Thread and JVM Parameters
JVM memory and GC settings are automatically configured by the entrypoint based on container resource limits — no manual JVM heap parameters are required. Per-tier Undertow and Virtual Thread parameters are as follows:| Tier | IO Threads | Worker Max Threads | VT Parallelism | Backlog | Max Concurrent Req |
|---|---|---|---|---|---|
| W1 | 2 | 256 | 1 | 2048 | 500 |
| W2 | 4 | 512 | 2 | 4096 | 750 |
| W4 | 8 | 1024 | 4 | 8192 | 3000 |
| W8 | 16 | 3072 | 8 | 16384 | 10000 |
All tiers use G1GC. Heap is allocated at 60% for W1/W2 and 65% for W4/W8. Virtual Threads are used for backend I/O and logging (Hybrid PT+VT model); Platform Threads are retained for Undertow dispatch.
Connection Pool Settings
Default routing connection pool values for each tier:| Tier | Max Conn/Host | Max Conn Total | ES Max Conn/Host |
|---|---|---|---|
| W1 | 250 | 500 | 8 |
| W2 | 500 | 1,000 | 16 |
| W4 | 1,000 | 2,000 | 32 |
| W8 | 2,000 | 4,000 | 128 |
Capacity Calculation Example
Scenario: 20 million requests per day, typical enterprise workload (POST payloads, authentication, schema validation), backend latency ~100 ms- W4 planning capacity: ~5M requests/day/node
- Nodes required: 20M ÷ 5M = 4 W4 nodes
- +1 reserve node recommended for growth → 5 W4 nodes
- Alternative: 2 W8 nodes (2 × 10M = 20M/day) — fewer servers, higher unit cost
Manager Nodes
Manager nodes provide the web interface where configurations are made.

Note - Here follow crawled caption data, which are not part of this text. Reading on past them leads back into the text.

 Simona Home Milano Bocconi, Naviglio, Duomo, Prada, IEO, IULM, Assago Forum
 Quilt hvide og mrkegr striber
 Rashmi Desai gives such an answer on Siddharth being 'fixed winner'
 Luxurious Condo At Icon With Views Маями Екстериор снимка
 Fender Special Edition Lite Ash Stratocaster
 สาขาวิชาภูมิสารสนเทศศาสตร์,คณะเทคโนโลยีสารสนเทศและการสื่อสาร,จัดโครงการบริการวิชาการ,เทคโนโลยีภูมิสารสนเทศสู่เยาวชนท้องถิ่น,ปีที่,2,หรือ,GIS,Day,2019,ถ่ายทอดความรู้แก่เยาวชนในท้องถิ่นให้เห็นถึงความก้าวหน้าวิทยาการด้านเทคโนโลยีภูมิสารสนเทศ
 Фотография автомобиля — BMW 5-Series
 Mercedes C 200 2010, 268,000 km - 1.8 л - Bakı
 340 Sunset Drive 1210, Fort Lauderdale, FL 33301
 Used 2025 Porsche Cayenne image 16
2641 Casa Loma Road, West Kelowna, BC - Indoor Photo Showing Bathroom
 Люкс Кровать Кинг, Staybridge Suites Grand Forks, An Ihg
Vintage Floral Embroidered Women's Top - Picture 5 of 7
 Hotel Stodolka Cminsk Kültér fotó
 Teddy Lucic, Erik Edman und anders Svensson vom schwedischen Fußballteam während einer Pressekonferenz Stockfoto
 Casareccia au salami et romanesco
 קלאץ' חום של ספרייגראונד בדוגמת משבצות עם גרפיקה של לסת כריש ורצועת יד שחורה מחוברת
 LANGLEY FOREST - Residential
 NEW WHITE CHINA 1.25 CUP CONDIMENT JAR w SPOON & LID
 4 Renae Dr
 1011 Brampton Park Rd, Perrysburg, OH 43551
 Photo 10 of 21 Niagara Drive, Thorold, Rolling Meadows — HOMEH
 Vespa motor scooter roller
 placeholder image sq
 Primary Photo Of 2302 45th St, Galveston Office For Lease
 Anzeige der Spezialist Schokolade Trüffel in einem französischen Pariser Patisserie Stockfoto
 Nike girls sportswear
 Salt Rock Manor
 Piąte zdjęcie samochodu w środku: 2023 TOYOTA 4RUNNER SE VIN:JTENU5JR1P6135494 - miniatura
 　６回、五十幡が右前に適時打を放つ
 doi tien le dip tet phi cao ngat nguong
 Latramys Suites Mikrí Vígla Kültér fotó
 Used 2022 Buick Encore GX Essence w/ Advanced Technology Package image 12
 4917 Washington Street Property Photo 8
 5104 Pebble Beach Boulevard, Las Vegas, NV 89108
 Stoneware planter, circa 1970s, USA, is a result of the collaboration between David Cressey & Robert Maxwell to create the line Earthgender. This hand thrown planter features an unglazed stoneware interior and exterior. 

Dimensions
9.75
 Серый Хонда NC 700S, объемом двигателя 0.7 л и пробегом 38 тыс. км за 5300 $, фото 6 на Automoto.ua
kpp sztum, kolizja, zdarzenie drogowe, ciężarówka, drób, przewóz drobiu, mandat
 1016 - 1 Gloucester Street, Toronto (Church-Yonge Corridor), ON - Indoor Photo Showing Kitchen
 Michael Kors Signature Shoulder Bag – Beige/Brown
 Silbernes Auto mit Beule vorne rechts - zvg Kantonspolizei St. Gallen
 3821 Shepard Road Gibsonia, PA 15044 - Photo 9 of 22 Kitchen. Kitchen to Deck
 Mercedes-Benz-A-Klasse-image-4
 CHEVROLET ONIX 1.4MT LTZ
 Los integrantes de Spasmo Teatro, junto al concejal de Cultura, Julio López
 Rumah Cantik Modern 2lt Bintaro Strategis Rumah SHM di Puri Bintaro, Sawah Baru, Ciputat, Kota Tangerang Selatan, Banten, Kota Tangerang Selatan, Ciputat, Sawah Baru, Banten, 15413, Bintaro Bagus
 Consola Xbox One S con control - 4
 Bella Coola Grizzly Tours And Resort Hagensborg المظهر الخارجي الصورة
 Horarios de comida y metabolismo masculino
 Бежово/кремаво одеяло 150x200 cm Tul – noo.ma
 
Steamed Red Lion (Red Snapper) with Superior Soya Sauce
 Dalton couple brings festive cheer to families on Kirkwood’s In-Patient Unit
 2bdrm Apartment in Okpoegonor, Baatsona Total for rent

They do not depend on daily traffic load; they are used for configuration management and interface access. A single node is sufficient for standalone installation; HA installation with at least 2 nodes is recommended for production environments for high availability.MongoDB Replica Set
MongoDB is Apinizer’s configuration database. It stores API proxy definitions, policy configurations, and metadata information. It does not depend on daily traffic load; requirements are determined based on API proxy count and configuration complexity.Elasticsearch Cluster
Elasticsearch stores log and analytics data.| Feature | Small (S) | Medium (M) | Large (L) |
|---|---|---|---|
| CPU | 4 core | 8 core | 16 core |
| RAM | 16 GB | 32 GB | 64 GB |
| Disk (Hot) | 500 GB SSD | 2 TB SSD | 5+ TB SSD |
| Disk (Warm) | 1 TB HDD | 3 TB HDD | 10+ TB HDD |
| Network | 1 Gbps | 1-10 Gbps | 10+ Gbps |
| Node Count | 1 | 1 (min) | 3 (min) |
| Shard/Index | 1 | 1 (min) | 3 |
| Daily Log | < 10 GB | 10-100 GB | > 100 GB |
| Monthly Log | ~300 GB | ~1.5 TB | ~6 TB+ |
| Annual Log (Retention) | ~3.6 TB | ~18 TB | ~72 TB+ |
- Production environments: Minimum replica=1 is recommended for high availability.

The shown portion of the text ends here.